- [TASK PROMPT]
For this exercise, reproduce each entry below exactly, excluding pictures.

Crawled caption data
--
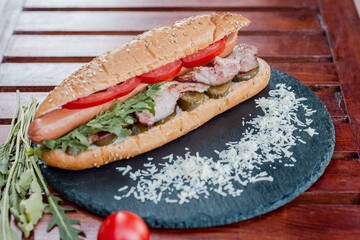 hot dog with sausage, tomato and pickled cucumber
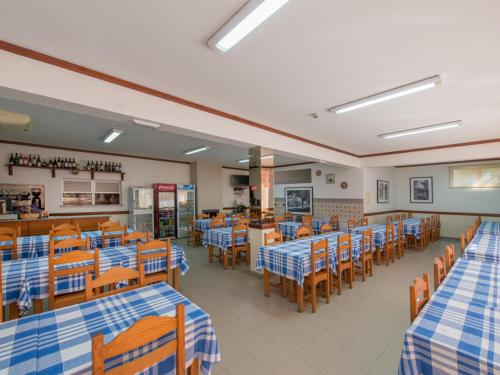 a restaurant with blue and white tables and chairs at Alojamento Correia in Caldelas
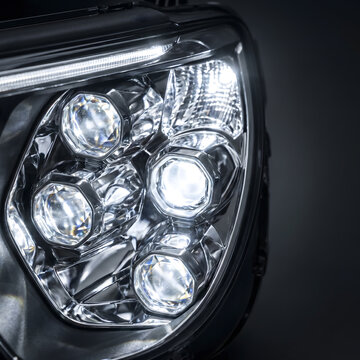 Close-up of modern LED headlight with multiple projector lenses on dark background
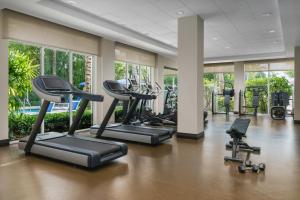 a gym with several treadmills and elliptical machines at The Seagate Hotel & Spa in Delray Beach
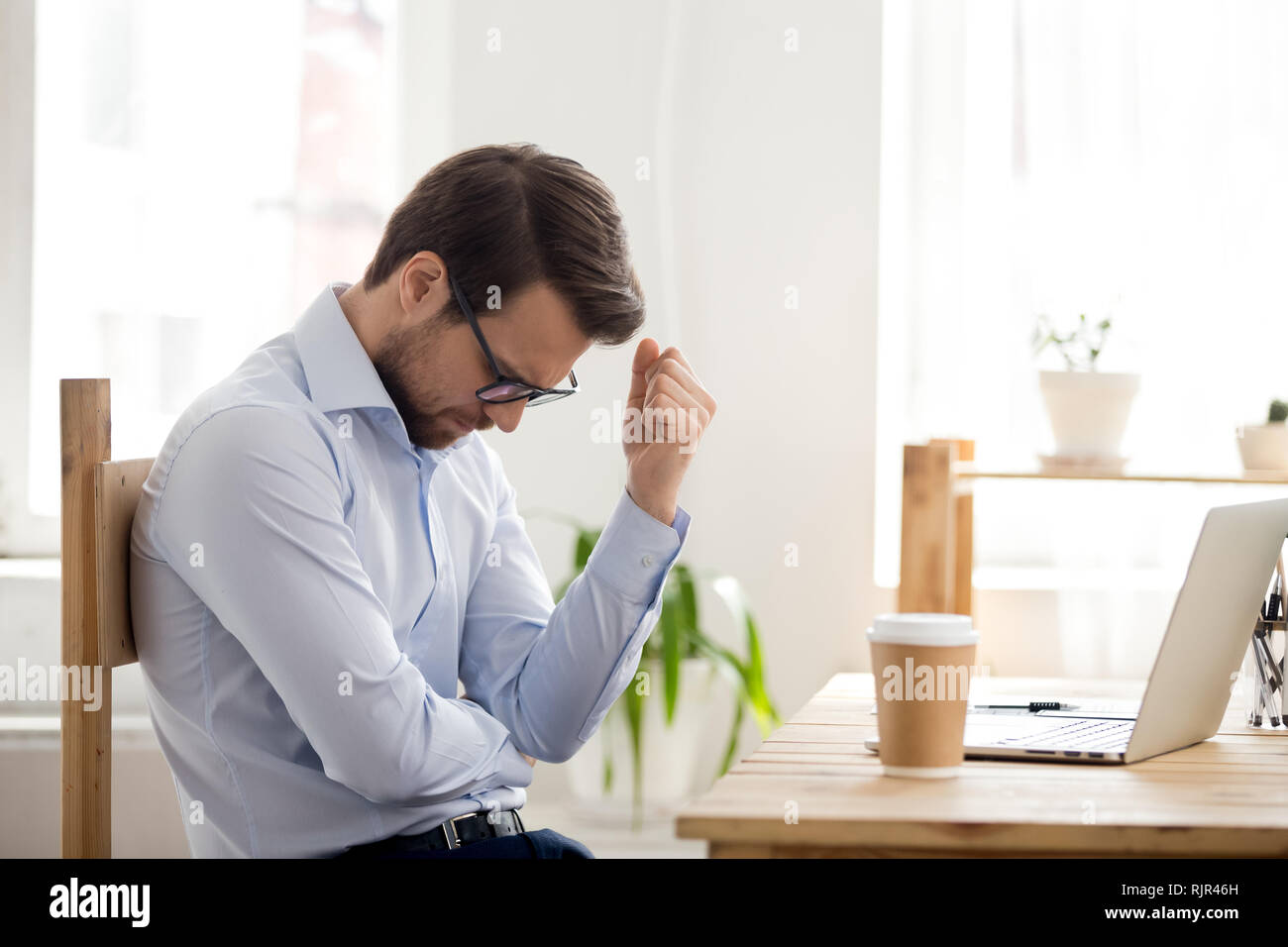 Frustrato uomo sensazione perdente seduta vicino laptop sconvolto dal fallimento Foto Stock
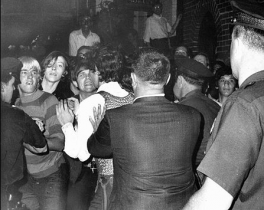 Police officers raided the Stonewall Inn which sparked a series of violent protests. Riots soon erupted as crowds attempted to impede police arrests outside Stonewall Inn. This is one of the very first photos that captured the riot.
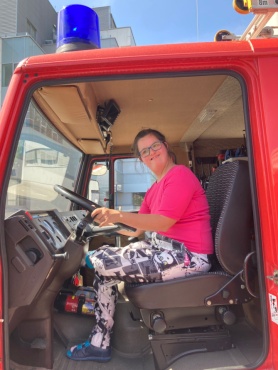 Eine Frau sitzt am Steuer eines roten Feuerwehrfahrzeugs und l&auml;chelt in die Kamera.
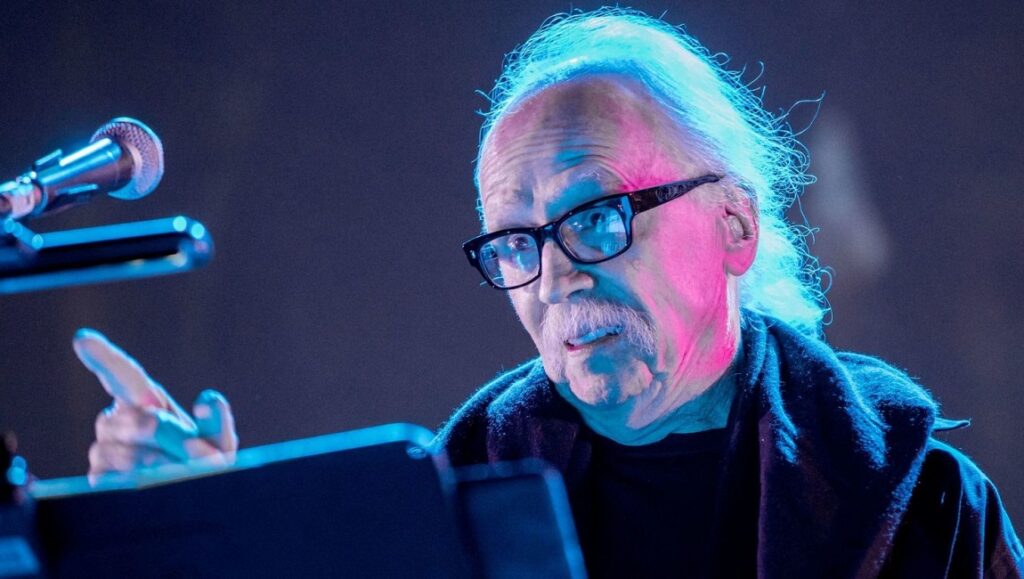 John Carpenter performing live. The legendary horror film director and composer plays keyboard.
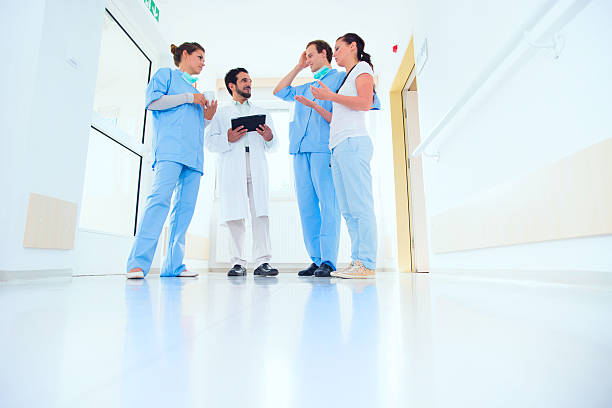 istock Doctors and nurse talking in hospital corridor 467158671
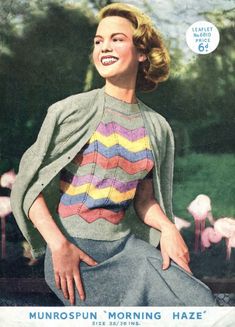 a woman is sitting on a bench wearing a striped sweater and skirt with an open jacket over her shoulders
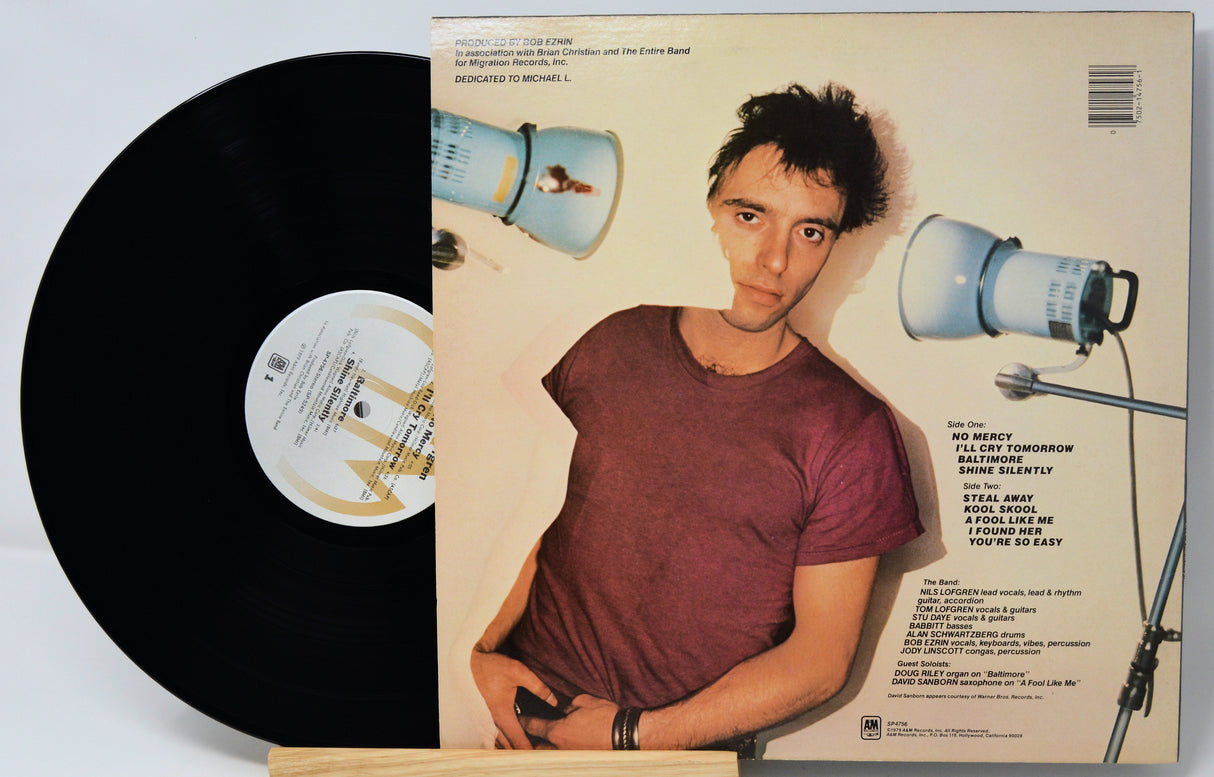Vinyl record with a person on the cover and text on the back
--
- [THE COMPLETED TASK]
 hot dog with sausage, tomato and pickled cucumber
 a restaurant with blue and white tables and chairs at Alojamento Correia in Caldelas
 Close-up of modern LED headlight with multiple projector lenses on dark background
 a gym with several treadmills and elliptical machines at The Seagate Hotel & Spa in Delray Beach
 Frustrato uomo sensazione perdente seduta vicino laptop sconvolto dal fallimento Foto Stock
 Police officers raided the Stonewall Inn which sparked a series of violent protests. Riots soon erupted as crowds attempted to impede police arrests outside Stonewall Inn. This is one of the very first photos that captured the riot.
 Eine Frau sitzt am Steuer eines roten Feuerwehrfahrzeugs und l&auml;chelt in die Kamera.
 John Carpenter performing live. The legendary horror film director and composer plays keyboard.
 istock Doctors and nurse talking in hospital corridor 467158671
 a woman is sitting on a bench wearing a striped sweater and skirt with an open jacket over her shoulders
Vinyl record with a person on the cover and text on the back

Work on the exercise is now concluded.